Mais avec le temps, la Turquie s’est refermée sur elle-même. Sans parler du monde en général, elle en est parvenue à ne plus même s’intéresser à son plus proche environnement. On craignait de s’intéresser à notre immédiat voisinage.
Considérez ne serait que la guerre en ex-Yougoslavie qui pour la Turquie fut source de turpitudes. Ankara a trop tardé à prendre position et à intervenir dans cette guerre. Après tant et tant de tergiversations, finalement Süleyman Demirel, comme Premier ministre puis Président de la République a pu jouer un grand rôle dans l’intervention américaine mais quand il fut question d’envoyer des soldats dans le cadre de la mission de maintien de la paix, il a été nécessaire de circonvenir une sérieuse opposition de tous ces penchants isolationnistes.

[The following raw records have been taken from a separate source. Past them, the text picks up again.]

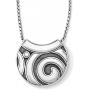 Brighton Sway Reversible Silver Plated Enamel Necklace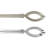 Set of 2 Adjustable Single Curtain Rods with Modern Finials - Silver Matte (50-82 inches)-61911400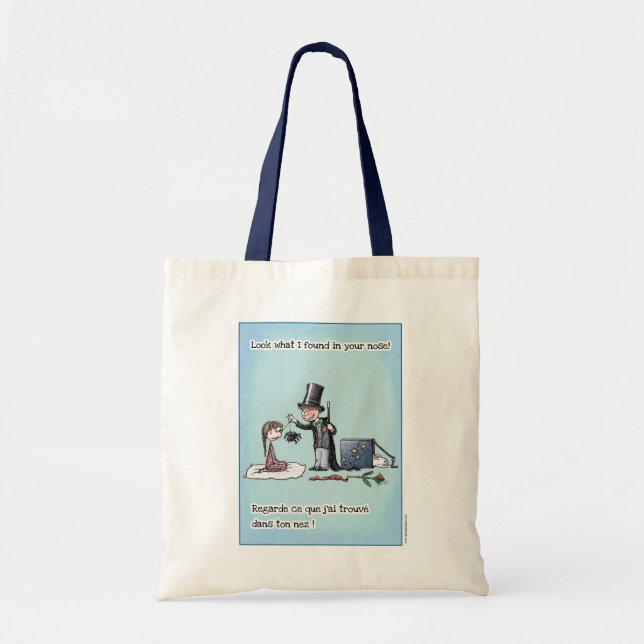 Zaubertrick Bilingual Tote Bag Tragetasche (Vorne)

Et plus récemment encore, on a critiqué le voyage de notre Premier ministre en Australie et en Nouvelle-Zélande. S’il décide de se rendre un jour en Amérique latine, les partisans d’isolationnisme retrograde le critiqueront à nouveau en l’accusant de voyager aux frais de l’Etat.
Une importance symbolique
Et regardez bien c’est de la même façon que l’on critique la venue du Hamas en Turquie. Une partie importante de la critique procède de ces réflexes isolationnistes. Ceux qui s’en réclament sont aussi ceux qui sont contre le processus d’adhésion à l’UE, parce qu’ils ont peur.
Or la Turquie se met à agir ou au moins à réfléchir en direction de son environnement proche. Et il ne s’agit en rien de tentatives aventureuses. Au final, c’est bien le message que l’ensemble de la communauté internationale essaye de faire passer au Hamas qui a été délivré par Ankara et pas autre chose.
Regardez un peu le Kosovo alors que l’on entame les négociations qui en préparent l’avenir. Et personne pour demander son avis à la Turquie.
La Macédoine cherche à rentrer dans l’UE, la Turquie reste immobile, ne cherche pas à lui apporter son aide.
On ne peut rien dire de mieux quant au comportement d’Ankara vis-à-vis d’une Bosnie qui chercherait à emprunter le même chemin. Or il fut un temps où la Turquie avait contribué à la fondation de la Fédération croato-bosniaque, et par là d’une certaine façon à un apaisement relatif de l’état de guerre généralisé en Bosnie. Aujourd’hui, la Croatie a entamé ses négociations d’adhésion à l’UE mais plus personne ne parle de la Bosnie.
En Irak dans la période pré-électorale, la Turquie a joué un rôle très important en contribuant à la participation des sunnites à ce scrutin. La venue de la délégation du Hamas revêt, selon moi, une importance symbolique.
En résumé, la Turquie est obligée de s’occuper et de s’intéresser encore plus à son proche environnement.
Le Hamas a lui seul ne ramasse pas tout. Il existe aussi un vaste monde turcophone en Asie centrale avec lequel nos relations s’atténuent. J’ai parlé un peu plus tôt des Balkans.
Nous ne pourrons décidément pas faire l’économie d’une pensée à l’échelle mondiale.